Como eu disse, liberdade é poder tomar suas próprias decisões. Algumas pessoas com essa liberdade escolherão ter muitos parceiros sexuais, outras terão um relacionamento monogâmico e algumas escolherão ter poucos ou nenhum parceiro sexual.
BBC – Por que você acha que os gays se comunicam melhor sobre sexo do que os casais heterossexuais?
Savage – Os autores mais famosos que escrevem sobre relacionamentos dirão que nada torna o sexo melhor do que uma boa comunicação. O problema com muitas pessoas heterossexuais é que a comunicação termina com o consentimento. Elas concordam em fazer sexo e depois param de falar sobre isso, porque o que acontece a seguir é presumido: eles vão ter relações sexuais pela vagina.
Mas quando dois homens vão para a cama, após o consentimento obtido, a conversa começa, porque o que acontece a seguir não pode ser presumido. Talvez se possa supor que haverá sexo anal, da mesma forma que pode acontecer com um casal heterossexual, mas então surgiria a questão de quem vai ser penetrado.
As pessoas homossexuais, portanto, se comunicam sobre sexo de uma forma que as pessoas heterossexuais podem fazer também, mas não o fazem.
Não é que sejamos seres humanos melhores, é que não podemos evitar essas conversas. E nesse ponto, você pode descartar qualquer coisa que não queira — por exemplo, dizer que você só quer masturbação mútua ou sexo oral, ou que não está pronto para sexo anal.
BBC – Em seus 30 anos como colunista, você se arrependeu de alguma coisa que escreveu?
Savage – Sim. Comecei a escrever minha coluna Savage Love na década de 1990. Havia uma tendência de que, para chamar a atenção, você tinha que ser polêmico ou satírico, tinha que encontrar uma maneira chocar, e isso às vezes envolve um tipo de crueldade. Li colunas que escrevi há 25 anos e acho que fiz todo o possível para ser cruel, e isso é algo que não faço mais.

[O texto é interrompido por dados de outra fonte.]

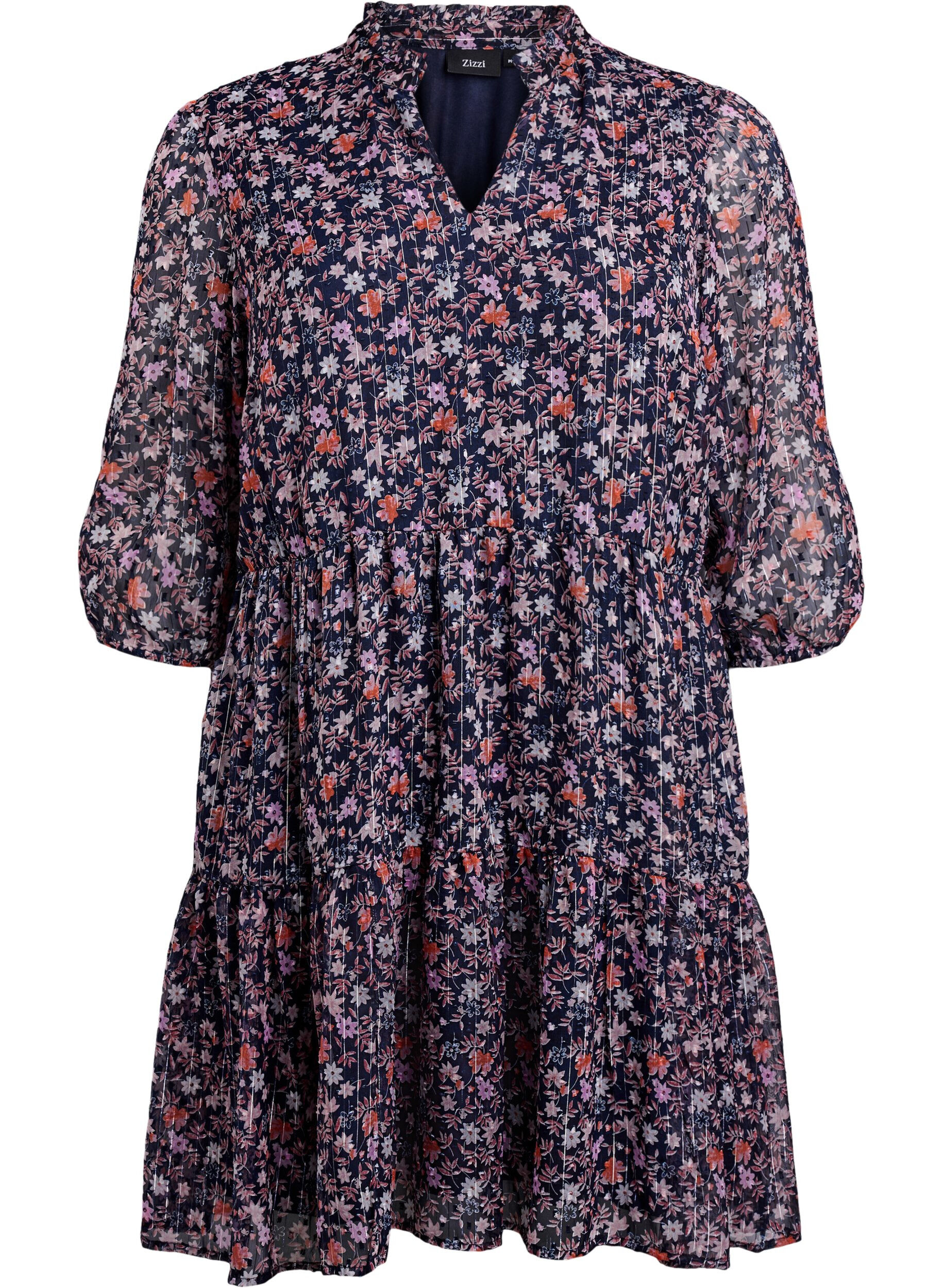 ZizziTunique &agrave; imprim&eacute; floral et fils scintillants, Bleu, Packshot image number 0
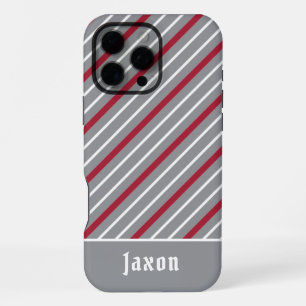 Coque iPhone 16 Pro Max Gris minimaliste avec rayures rouges foncées et bl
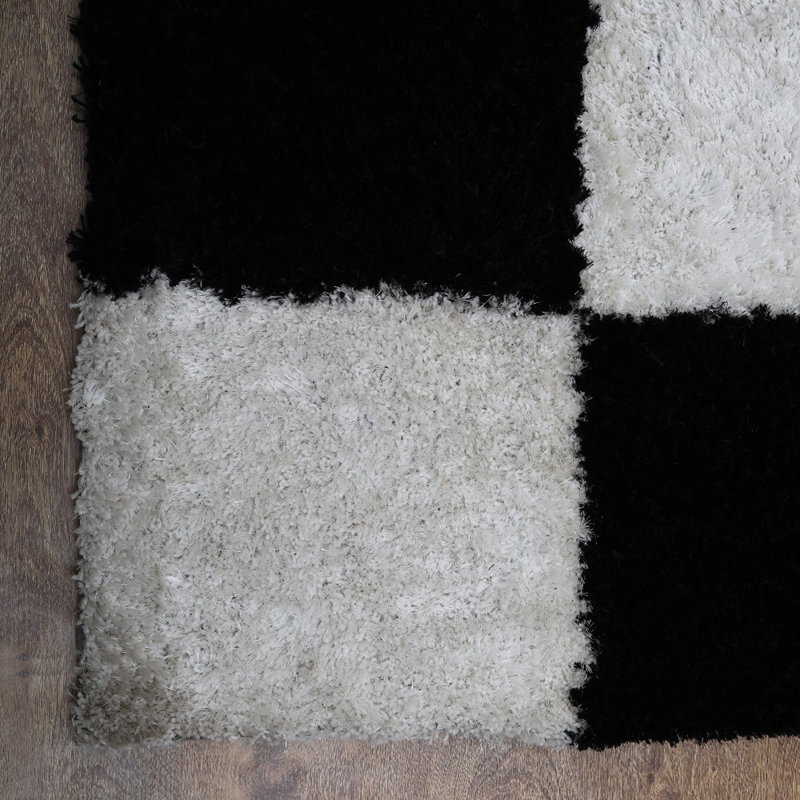 Tapis de salon Bhhatu - Tapis écologique en polyester à poils longs touffeté à la main - Rectangle | Multicolore | Conception géométrique | Tapis de salon, chambre à coucher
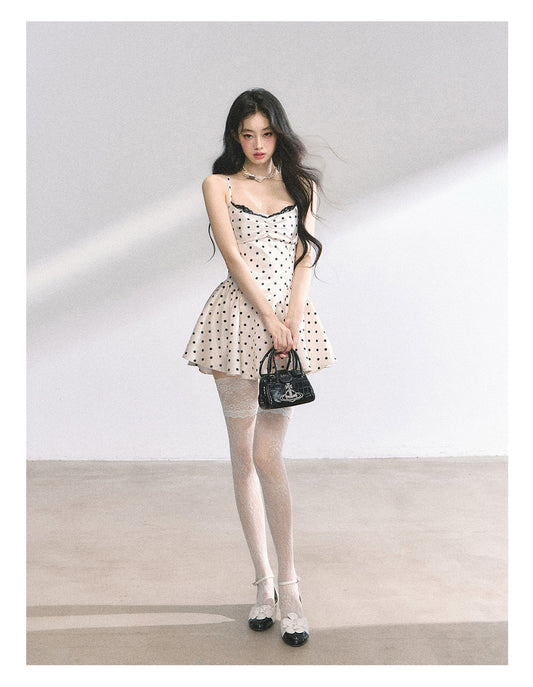 SHAOYEYAN French Lace Polka Dot Sundress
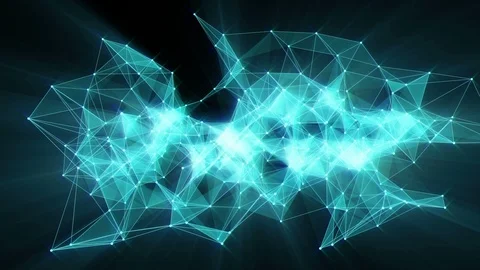 Animation of plexus network transforming to neon deutsch text - FUTURE. Stock Footage 103116746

Por muito tempo neguei a bissexualidade masculina, fiz piadas e fui cruel com isso. Eu me sinto mal quando leio essas colunas. Eu tento ser mais consciente agora.
Como muitas pessoas, eu era menos sensível às questões de gênero, mas também menos sensível à dinâmica de poder nas relações heterossexuais. As mulheres tinham medo de dizer que não queriam se relacionar devido às consequências que isso poderia lhes trazer.
Eu não estava ciente dessas coisas como deveria e como estou agora.